Financial Instrument definition explained by professional forex trading experts, All you need to know about Financial Instrument types.
Financial Instrument definition
Financial instruments are monetary contracts between parties. They can be created, traded, modified and settled. They can be cash (currency), evidence of an ownership interest in an entity (share), or a contractual right to receive or deliver cash (bond).
International Accounting Standards IAS 32 and 39 define a financial instrument as “any contract that gives rise to a financial asset of one entity and a financial liability or equity instrument of another entity”.
Financial Instrument Types
Financial instruments can be either cash instruments or derivative instruments:
Cash instruments —instruments whose value is determined directly by the markets.
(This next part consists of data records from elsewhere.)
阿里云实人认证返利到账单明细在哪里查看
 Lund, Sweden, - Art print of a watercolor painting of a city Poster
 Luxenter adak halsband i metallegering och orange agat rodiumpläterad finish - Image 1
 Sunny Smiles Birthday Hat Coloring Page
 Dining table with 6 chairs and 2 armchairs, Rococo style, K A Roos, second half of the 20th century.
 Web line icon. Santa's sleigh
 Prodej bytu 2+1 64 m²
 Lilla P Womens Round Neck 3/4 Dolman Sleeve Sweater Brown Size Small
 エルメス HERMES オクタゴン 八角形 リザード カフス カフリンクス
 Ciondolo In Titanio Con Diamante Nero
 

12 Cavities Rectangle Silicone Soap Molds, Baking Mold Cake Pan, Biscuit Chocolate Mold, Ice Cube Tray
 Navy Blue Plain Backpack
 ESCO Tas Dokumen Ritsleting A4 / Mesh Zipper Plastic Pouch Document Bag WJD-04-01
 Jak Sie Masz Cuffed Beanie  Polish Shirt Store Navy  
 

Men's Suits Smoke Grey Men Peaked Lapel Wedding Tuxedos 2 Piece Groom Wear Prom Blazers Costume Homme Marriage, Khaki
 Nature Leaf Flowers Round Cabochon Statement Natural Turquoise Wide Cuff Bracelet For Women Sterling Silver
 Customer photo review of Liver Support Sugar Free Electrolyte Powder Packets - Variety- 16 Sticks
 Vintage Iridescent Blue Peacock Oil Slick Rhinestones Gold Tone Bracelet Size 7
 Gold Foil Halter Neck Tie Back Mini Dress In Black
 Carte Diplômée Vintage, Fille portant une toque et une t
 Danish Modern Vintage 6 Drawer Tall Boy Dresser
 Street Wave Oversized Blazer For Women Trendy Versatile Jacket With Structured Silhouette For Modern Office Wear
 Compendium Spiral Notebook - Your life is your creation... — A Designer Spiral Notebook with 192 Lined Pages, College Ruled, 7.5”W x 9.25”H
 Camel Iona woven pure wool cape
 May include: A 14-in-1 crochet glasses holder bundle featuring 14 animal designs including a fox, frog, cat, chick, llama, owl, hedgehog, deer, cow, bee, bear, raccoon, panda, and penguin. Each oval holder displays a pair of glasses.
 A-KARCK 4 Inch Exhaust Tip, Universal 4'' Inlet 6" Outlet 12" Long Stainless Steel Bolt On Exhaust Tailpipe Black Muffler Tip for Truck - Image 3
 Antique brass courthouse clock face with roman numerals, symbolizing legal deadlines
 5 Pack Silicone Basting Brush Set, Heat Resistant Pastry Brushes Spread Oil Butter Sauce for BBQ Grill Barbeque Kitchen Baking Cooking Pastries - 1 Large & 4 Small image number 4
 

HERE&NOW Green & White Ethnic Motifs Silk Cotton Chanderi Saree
They can be securities, which are readily transferable, and instruments such as loans and deposits, where both borrower and lender have to agree on a transfer.
Derivative instruments —instruments which derive their value from the value and characteristics of one or more underlying entities such as an asset, index, or interest rate. They can be exchange-traded derivatives and over-the-counter (OTC) derivatives.
Alternatively, financial instruments may be categorized by “asset class” depending on whether they are equity-based (reflecting ownership of the issuing entity) or debt-based (reflecting a loan the investor has made to the issuing entity). If the instrument is debt, it can be further categorised into short-term (less than one year) or long-term. Foreign exchange instruments and transactions are neither debt- nor equity-based and belong in their own category.